# condensation in TBH



## sylvia (May 14, 2014)

Here is a pic of my newly installed TBH. Bees have been in for less than 48 hours, already drawing comb (see right of pic). On the left of pic, you can see the condensation. By later in the day, there is no condensation at all. Since I am a newbie, I would like to be assured (or not) about whether this amount of early morning condensation is acceptable. In the middle picture, the false back is shown to the left of the window. I am at 4,500', dry, desert-like climate, night temps now in the low 40ies, days highs in the high 60ies or low 70ies. Soon to change for the warmer, though. Thank you for your advice and mentorship.

PS ... might you be able to tell me what kind of bees these are? It was a swarm caught a few days ago, and I am too new at bees to be able to recognize them ..

sylvia


----------



## onesojourner (Jan 9, 2014)

Mine do that on most cool mornings and always on rainy days.


----------



## estreya (Apr 20, 2014)

Mine do as well. I seem to remember reading that a bit of condensation CAN be a good thing. It gives the girls a source of fresh water without them having to leave the hive (maybe the experienced beekeepers here can confirm this?).

That said, i'm worried about the wet winters of the Pacific Northwest. We shall see ...


----------



## dudelt (Mar 18, 2013)

Estreya, For more beekeeping info in the Pacific NW there is a great forum you can check out. The link there is: http://wabeekeepersforum.proboards.com/. The forum does not have the traffic that you see here but it is local for your area and should be very helpful. Yes it is very wet here in the winters but it does not have to be too big of a problem. Most of the moisture problems can be solved with a top entrance in the winter. 

And in keeping with this thread, I too get some moisture in the morning. All those bees do give off moisture like all living things.


----------



## estreya (Apr 20, 2014)

Dudelt, thank you so much for the link! I'll check it out and put it on my Home Page for daily review.


----------



## sjj (Jan 2, 2007)

sylvia said:


> ... I am at 4,500', dry, desert-like climate, night temps now in the low 40ies, days highs in the high 60ies or low 70ies. ...
> 
> View attachment 10850
> 
> ...


I would consider placing a thin styrofoam plate on the outer side of the pane to keep it warmer. 
In that way you can prevent the vapor condensation inside.


----------



## sylvia (May 14, 2014)

sjj said:


> I would consider placing a thin styrofoam plate on the outer side of the pane to keep it warmer.
> In that way you can prevent the vapor condensation inside.

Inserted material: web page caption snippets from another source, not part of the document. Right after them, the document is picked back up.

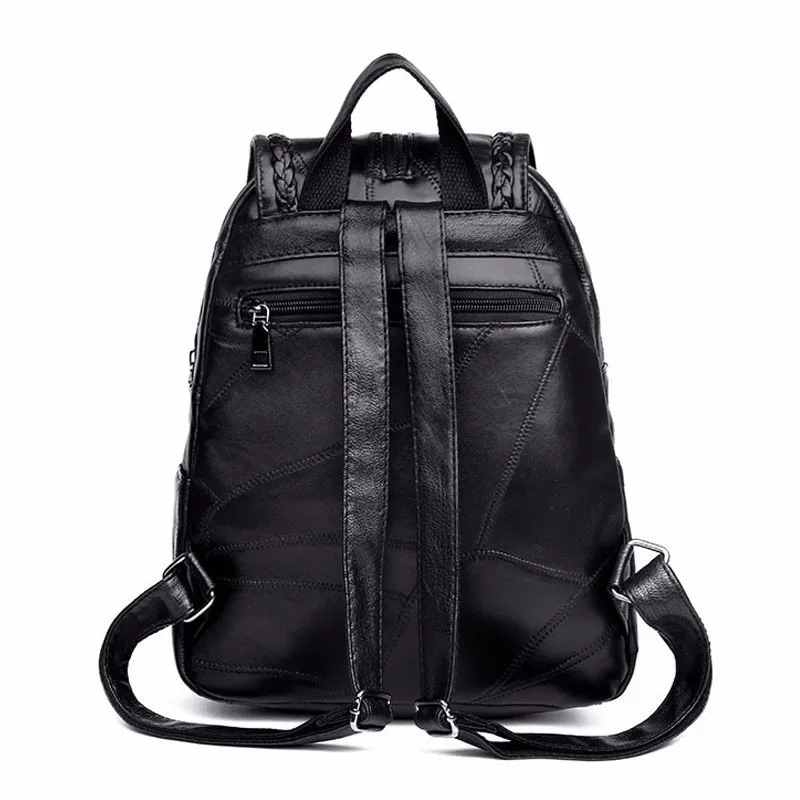 Mochila de viaje con cremallera para mujer, bolso de hombro de cuero PU suave, bolso de estudiante, bolso informal de viaje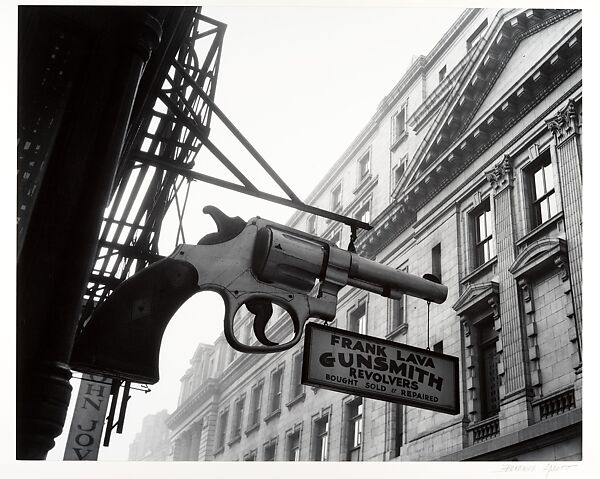 Gunsmith and Police Department, 6 Centre Market Place and 240 Centre Street, Manhattan, Berenice Abbott (American, Springfield, Ohio 1898–1991 Monson, Maine), Gelatin silver print 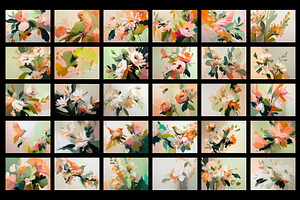 400 Abstract Oil Painting Flowers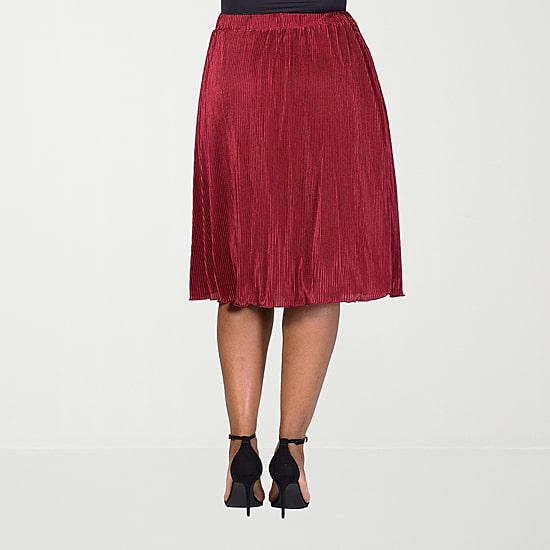24seven Comfort Apparel Womens Plus Midi A-Line Skirt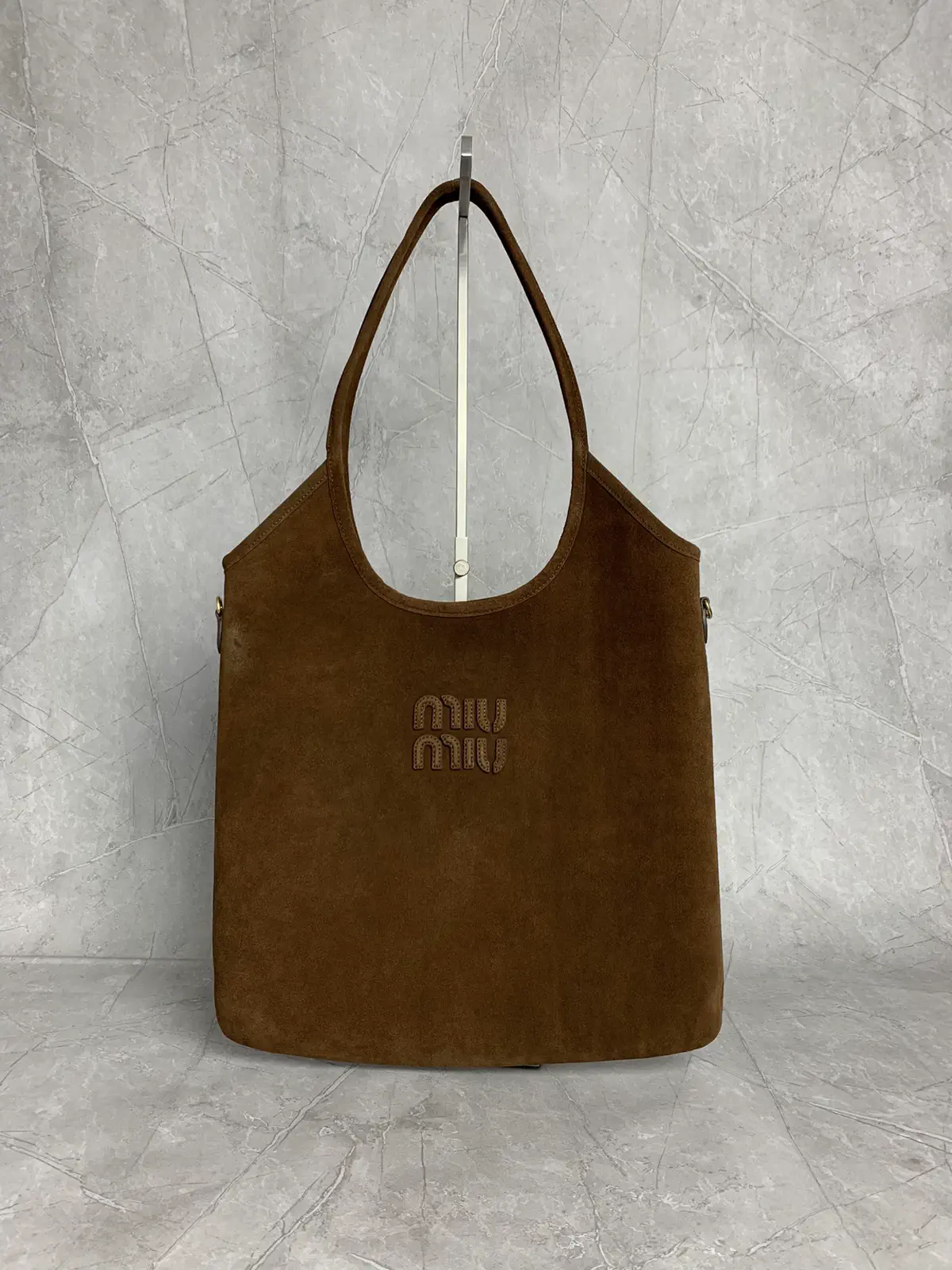 Miu Miu Brown Suede Hobo Shoulder Bag image 1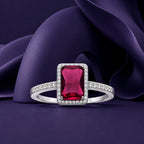 Marvel Silver red stone rectangular silver ring for women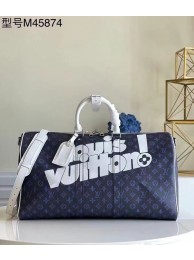 Louis Vuitton KEEPALL BANDOULIERE 55 M45874 Blue HY980Ag46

My mistake, sorry. I should have specified that the window has a wooden panel on top of it all the time, I only take off the panel to watch the inside of the hive and expose the glass, very briefly. In other words, that condensation appears to have collected overnight after they spent the night with wood paneling covering the window.

sylvia


----------



## msscha (Jan 4, 2014)

At biobees.com, Phil Chandler has been talking quite a bit about condensation (principally, its value) based on a publication by Ed Clarke called Constructive Beekeeping -- here's the link: http://www.biobees.com/library/general_beekeeping/beekeeping_books_articles/ConstructiveBeekeeping_EdClarke.pdf. This book is also freely available from Cornell. I've read it a couple of times -- it's pretty interesting!


----------



## sylvia (May 14, 2014)

I will check into that! Thank you for the helpful suggestions.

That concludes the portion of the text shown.